Zudem seien die Rohre der unterirdisch geführten Teilstrecken generell zu klein. Neu würden grössere Röhren eingesetzt, die im Normalfall höchstens bis zur Hälfte gefüllt seien. Der ganze Ausbau, teilweise mit Verlegung und Neuklassierung von Strassen und Wegen, müsse für ein 100-jähriges Hochwasser ausgelegt sein, erläutert Elmar Steiger.

Umstrittene Kostenbeteiligung führt zur Diskussionen

Diskussionen gab es insbesondere zur Frage, ob die Bäche zusammengeführt werden dürfen, was bejaht wurde, da der Abfluss gewährleistet sei. Bemängelt wurde, dass ein fixfertiges Projekt vorgelegt wurde, ohne die Bevölkerung miteinzubeziehen. Wobei es sich herausstellte, dass einzelne Betroffene kontaktiert wurden.

Von der Schätzungskommission, bestehend aus Otto Mattle, Rebstein (Präsident), Manfred Frei, Diepoldsau und Walter Keller, Kirchberg (ehemals Grundbuchverwalter), stellte Otto Mattle den Perimeter vor, wobei er betonte, dieser sei weder eine Steuer noch eine Abgabe, sondern «eine bewährte Form der solidarischen Finanzierung von grösseren gemeinsamen Werken». Dieser betreffe im Kanton St. Gallen die gesetzlich vorgeschriebene Finanzierung von Strassen- und Wasserprojekten sowie für Bau und Unterhalt.

Verschiedene Faktoren bestimmen die Kostenverteilung

Die Kostenverteilung basiere auf «Grösse, Nutzung, Gefährdung und dem besonders für einzelne Grundstücke sowie Bauten und Anlagen zu erwartenden Nutzen». Berechnet sind die erwarteten Ausbaukosten für das Bachsanierungskonzept mit 5,222 Millionen Franken.

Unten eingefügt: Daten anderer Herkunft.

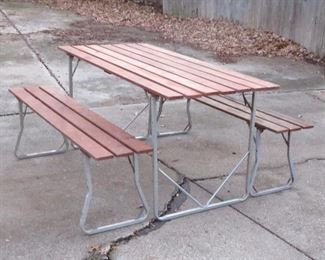 Picnic table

Davon übernehmen Bund und Kanton 39 Prozent, 2'137'500 Franken (60 Prozent der subventionsberechtigten Kosten). Dritte wie Gemeinde oder Private 26,7 Prozent, das sind 1'390'500 Franken. Von den Restkosten von 1'794'000 Franken übernimmt die Gemeinde 60 Prozent, das sind 1'076'400 Franken sowie 20,6 Prozent des gesamten Betrages.

Für den Perimeter verbleiben somit 13,7 Prozent, 717'600 Franken. Darüber wurde anschliessend zum Teil heftig und kontrovers diskutiert. An die Adresse der Gemeinde wurde seitens der Betroffenen die Forderung nach voller Übernahme der Perimeter gestellt. Dies sei gesetzlich nicht möglich, betonte Roman Habrik, die Betroffenen müssten sich ihrem Nutzen entsprechend beteiligen. Die Gemeinde müsse nach Gesetz 25 Prozent der Kosten übernehmen, eine Höchstgrenze sei jedoch keine festgesetzt.